Shot in 1962, the photo features seven Mississippi sheriffs assembled in Oxford to defend the University of Mississippi from its first black student, James Meredith. It’s easy to understand how Hendrickson became smitten with the image. The cocksure smugness of these stalwart defenders of American apartheid is as menacing as the men are tragic.
By using the lives of the seven photographed sheriffs and their progeny as a lens, Hendrickson attempts to answer his own question: Where did the hatred and the sorrow that flowed out of this moment go?
Mississippi made its fame as the killing fields of the civil-rights struggle before Rosa Parks stayed seated in Montgomery. In 1955, 15-year-old Emmett Till was murdered there for whistling at a white woman. His killers promptly were acquitted by an all-white jury. Mississippi is also the scene of other high-profile racist slayings, such as that of NAACP attorney Medgar Evers. More recently, the state has served as fodder for Hollywood’s efforts to peddle the mythology that white FBI agents (Mississippi Burning) and liberal white lawyers (Ghosts of Mississippi) were the heroes of that epoch.
Thankfully, Hendrickson forgoes simplistic sermonizing. Instead, he bounces—sometimes without much grace—between a straight-up social history of Mississippi and profiles of the seven sheriffs and their progeny.
Through declassified documents, Hendrickson exposes the statewide network of lawmakers and politically powerful operatives that monitored the activities of civil-rights activists. And, through the phone conversations of Attorney General Robert Kennedy and then Mississippi Governor Ross Barnett, he recreates the tense standoff between a segregationist governor and a presidential administration sworn to uphold the Supreme Court ruling that Meredith be admitted to Ole Miss.
When Hendrickson started his research, only two of the sheriffs were still alive: Natchez’s Billy Ferrell and Greenwood’s former sheriff, John Cothran. There’s a sad irony to these men, reflecting on a time 40 years ago when a 100-year-old social order imploded on their watch. The Mississippi Hendrickson reveals is neither the racist boys club of the liberal imagination nor anyone’s idea of racial harmony. There are still all-white country clubs, but there’s also an African-American student-body president at the University of Mississippi.
What shines most in Sons are the portraits of the sheriffs’ progeny. The sadness of the 40-year-old moment is clearly something they have inherited. Particularly memorable is Ferrell’s grandson, who works as a border guard in El Paso, Texas, and scarcely can speak of his father or grandfather without tears.
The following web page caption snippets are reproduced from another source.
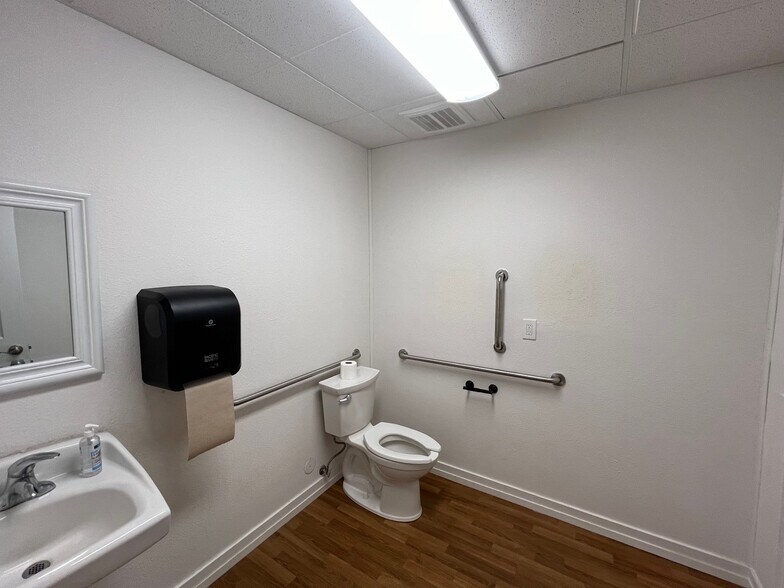 More Photos Of 342 E Idaho St, Eagle Office For Lease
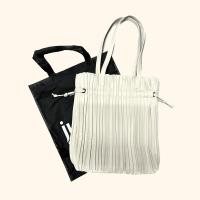 ราคา กระเป๋าสะพายข้าง just in case รุ่นRemy (25907910880)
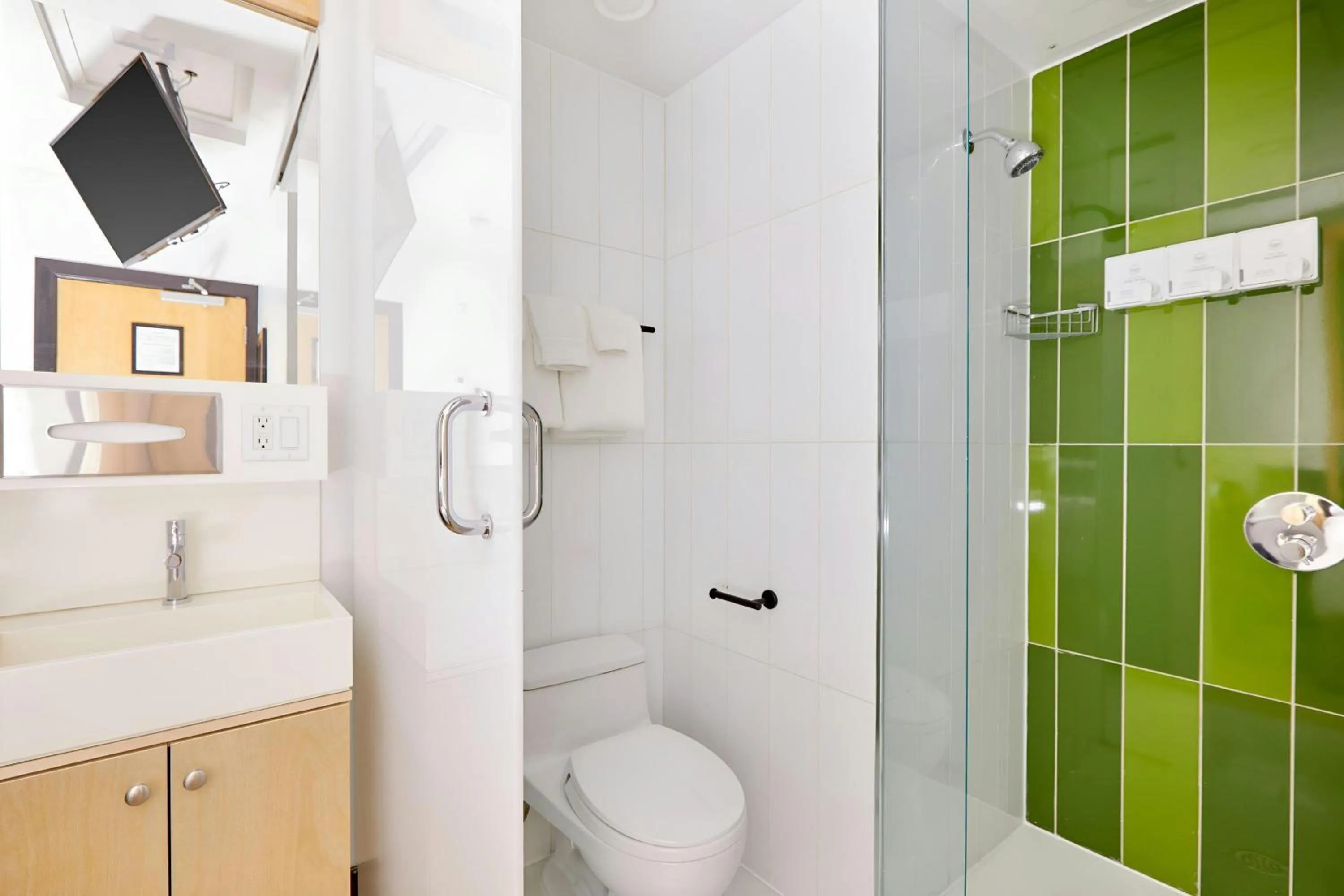 Bathroom in The Beverley Hotel Queen West, Sonder by Marriott Bonvoy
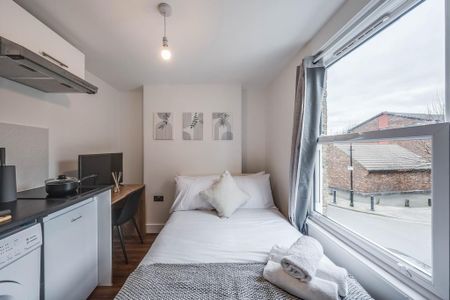 1 bedroom flat to rent - Photo 2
And yet he delights at the prospect of going home to Mississippi and ascending the family mantle of sheriffdom.
The ghost of William Faulkner haunts these pages, and at times, the prose unduly reeks of Mississippi’s most famous literary son. The author’s attempt at Southern gothic journalism often imposes a false gravitas on his subject matter, but it’s a forgivable blemish in a complex and often-eloquent portrait of a state and a nation still on an uncharted road to racial reconciliation.